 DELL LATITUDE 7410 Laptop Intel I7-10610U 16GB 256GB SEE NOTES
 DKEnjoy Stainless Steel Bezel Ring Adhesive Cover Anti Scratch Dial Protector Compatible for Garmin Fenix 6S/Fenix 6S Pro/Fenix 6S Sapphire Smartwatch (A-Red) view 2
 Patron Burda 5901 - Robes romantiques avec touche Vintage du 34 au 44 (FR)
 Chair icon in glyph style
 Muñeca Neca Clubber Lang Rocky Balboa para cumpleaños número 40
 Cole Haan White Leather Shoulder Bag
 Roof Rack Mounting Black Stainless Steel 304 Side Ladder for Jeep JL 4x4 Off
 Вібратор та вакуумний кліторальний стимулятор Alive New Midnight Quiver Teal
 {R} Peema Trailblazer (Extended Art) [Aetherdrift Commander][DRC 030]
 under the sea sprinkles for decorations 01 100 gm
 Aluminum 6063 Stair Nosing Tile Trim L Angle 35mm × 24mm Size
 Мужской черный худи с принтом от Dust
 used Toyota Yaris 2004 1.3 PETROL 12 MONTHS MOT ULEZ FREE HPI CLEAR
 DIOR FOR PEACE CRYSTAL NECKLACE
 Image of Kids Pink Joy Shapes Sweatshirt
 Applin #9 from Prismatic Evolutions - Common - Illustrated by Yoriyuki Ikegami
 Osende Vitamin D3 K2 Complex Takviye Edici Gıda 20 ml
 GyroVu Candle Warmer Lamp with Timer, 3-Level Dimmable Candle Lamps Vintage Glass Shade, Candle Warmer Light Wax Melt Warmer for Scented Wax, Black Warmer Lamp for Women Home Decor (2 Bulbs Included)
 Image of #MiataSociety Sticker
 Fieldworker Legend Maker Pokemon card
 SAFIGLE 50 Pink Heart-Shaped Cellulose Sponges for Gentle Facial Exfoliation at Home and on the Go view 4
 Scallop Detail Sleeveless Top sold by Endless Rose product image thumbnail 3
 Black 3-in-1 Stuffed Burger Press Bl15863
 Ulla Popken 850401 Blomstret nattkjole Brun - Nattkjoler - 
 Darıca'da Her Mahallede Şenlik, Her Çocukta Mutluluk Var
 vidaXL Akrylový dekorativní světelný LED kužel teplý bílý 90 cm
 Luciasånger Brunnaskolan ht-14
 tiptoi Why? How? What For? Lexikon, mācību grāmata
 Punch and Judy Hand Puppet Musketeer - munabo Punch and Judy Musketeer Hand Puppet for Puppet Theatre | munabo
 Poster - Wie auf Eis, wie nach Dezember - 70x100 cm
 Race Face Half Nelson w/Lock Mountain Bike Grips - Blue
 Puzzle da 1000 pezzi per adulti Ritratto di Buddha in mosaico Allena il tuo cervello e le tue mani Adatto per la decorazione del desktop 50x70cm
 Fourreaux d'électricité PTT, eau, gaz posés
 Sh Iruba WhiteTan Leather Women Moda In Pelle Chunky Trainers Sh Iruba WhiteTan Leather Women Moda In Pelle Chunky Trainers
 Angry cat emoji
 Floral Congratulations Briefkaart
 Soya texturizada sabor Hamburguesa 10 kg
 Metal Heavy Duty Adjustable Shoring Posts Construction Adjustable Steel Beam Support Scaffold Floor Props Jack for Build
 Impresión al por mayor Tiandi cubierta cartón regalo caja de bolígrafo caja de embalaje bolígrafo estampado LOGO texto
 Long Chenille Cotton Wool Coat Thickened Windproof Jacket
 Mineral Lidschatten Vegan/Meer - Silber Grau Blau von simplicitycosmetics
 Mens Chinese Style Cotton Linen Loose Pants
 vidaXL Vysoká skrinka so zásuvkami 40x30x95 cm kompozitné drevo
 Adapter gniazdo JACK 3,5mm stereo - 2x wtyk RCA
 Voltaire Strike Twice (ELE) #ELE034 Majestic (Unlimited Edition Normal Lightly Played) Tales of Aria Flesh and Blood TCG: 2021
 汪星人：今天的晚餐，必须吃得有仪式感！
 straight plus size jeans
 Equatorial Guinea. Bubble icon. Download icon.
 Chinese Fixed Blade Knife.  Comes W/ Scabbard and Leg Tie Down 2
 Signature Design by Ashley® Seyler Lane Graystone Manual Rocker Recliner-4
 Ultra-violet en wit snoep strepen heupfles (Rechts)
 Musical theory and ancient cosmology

•••••

__To do__: Look above for the line holding "Applin #9 from" and the line holding "Osende Vitamin D3". Retype both, and every line between them, word for word and nothing else.

__Answer below__:
 Applin #9 from Prismatic Evolutions - Common - Illustrated by Yoriyuki Ikegami
 Osende Vitamin D3 K2 Complex Takviye Edici Gıda 20 ml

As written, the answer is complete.